Rethinking of the Crisis of Universalism: Toward a Pluralistic Orientation of Cosmopolitanism

  • Ning Wang Institute of Arts and Humanities, Shanghai Jiao Tong University, 800 Dongchuan Road, Shanghai 200240
Keywords: universalism, World War I, globalization, modernity, cosmopolitanism, Chinese practice


In commemorating the centenary of the end of World War I, we could not but reflect on many of the valuable legacies and lessons the War has left behind it. To us humanities scholars, what we are most concerned about is the legitimacy of universalism or whether there is such a thing as absolute universalism. The same is true of modernity, for people may well think that modernity represents the great interest of all people in the world. But modernity manifests itself in different modes in different countries and nations as different countries and nations have different conditions, especially in such an ancient country as China.

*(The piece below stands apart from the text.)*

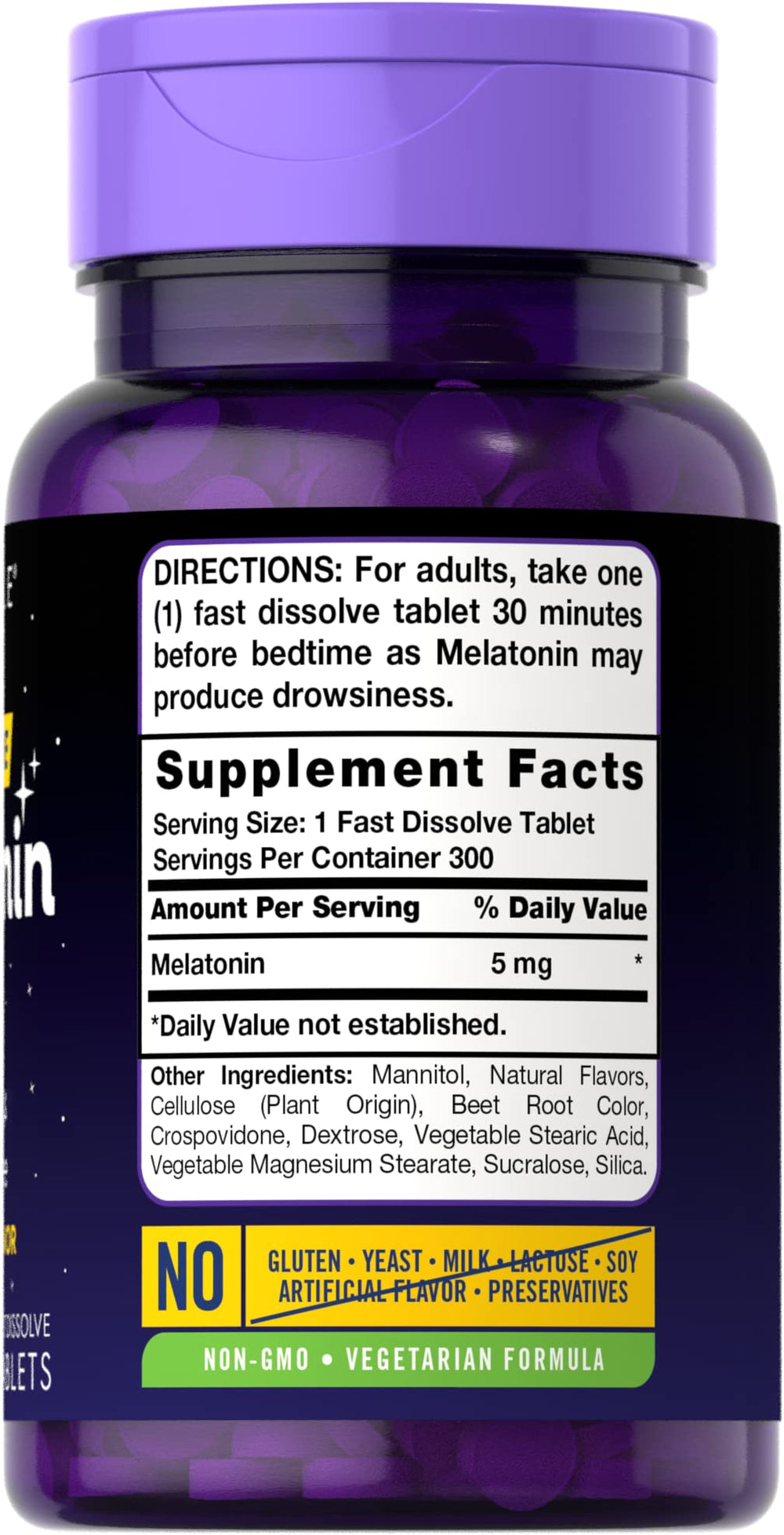 Carlyle Melatonin 5 mg fast dissolve berry flavor label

The present article will illustrate how modernity was imported from the West into China and how it has been readjusted according to its own condition and thereby developing in an uneven way. Through some theoretical elaboration the article has deconstructed the so-called “singular” or “universalist” modernity with the Chinese practice and reconsidered the concept of cosmopolitanism which has certain parallel elements in ancient Chinese philosophy. Considering the pluralistic orientation of contemporary cosmopolitanism, the author offers his own reconstruction of a sort of new cosmopolitanism in the era of globalization.